Photo courtesy of Cheng Po-jen

Taipei, Feb. 9 (CNA) Hualien policeman Cheng Po-jen (鄭博仁) was on duty Tuesday night when a magnitude 6.0 earthquake struck the eastern Taiwan city, causing four buildings to partially collapse including the one in which Cheng lived.

But less than an hour after the earthquake, the policeman who lost his home plunged right back to work and joined in the search for people thought to be in the damaged structures who were unaccounted for.

"When I found out that my Yun Men Tsui Ti (雲門翠堤) building had collapsed, I froze for a few minutes.

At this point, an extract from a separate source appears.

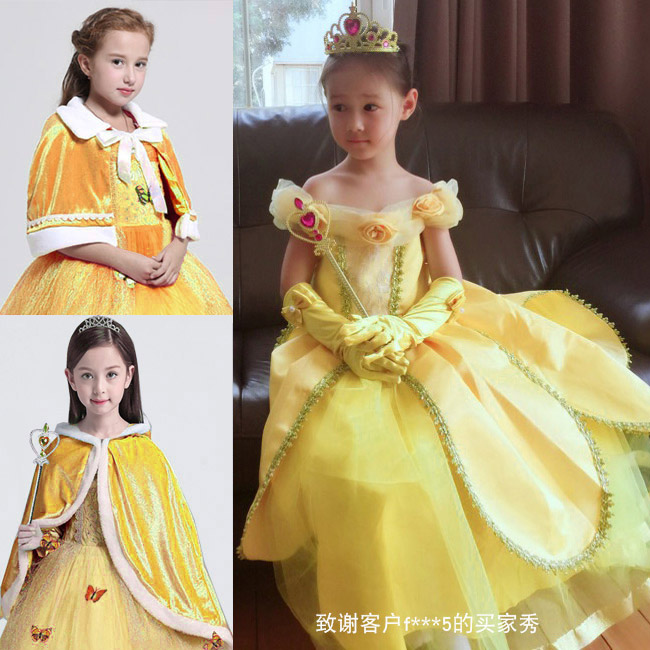 貝爾公主裙 女童迪士尼兒童黃色舞會迪斯尼貝兒 美女與野獸連衣裙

I was dumbfounded," Cheng told CNA Friday.

But Cheng said he quickly told himself that his building was gone and there was nothing he could do about it, so he might as well channel his energy into helping others.

He was fortunate that he was not at home and that his parents were at their own place at the time of the earthquake, he said, but he still felt a sense of loss because he had just bought the unit in the Yun Men Tsui Ti building six months earlier.

The idea of reconstruction seemed too far away to contemplate, so immediately after the quake, Cheng began to help search for residents and tourists who might have been in the four buildings at time of the earthquake and were unaccounted for.

He made calls, sent messages and tried to match photos on people's ID cards with their Facebook photos.

Although the process was tiring, Cheng said, his heart was filled with happiness whenever he was able to cross off another name from the missing persons list.

He said the people who answered his calls were mostly very friendly and would tell him "Thank you for your hard work," which he said warmed his heart.

"At least no one mistook me for a fraud ring member," he joked.

As of 4 p.m. Friday, at least 12 people had been killed in the Hualien earthquake, and five people thought to be in the Yun Men Tsui Ti building remained unaccounted for, according to official tallies.

Asked what inspired him to become a policeman, Cheng said at first it was because he needed a stable income.

But over his nine years on the job, he has grown to love the job and find a sense of achievement in the smiles of the people he is able to help, Cheng said.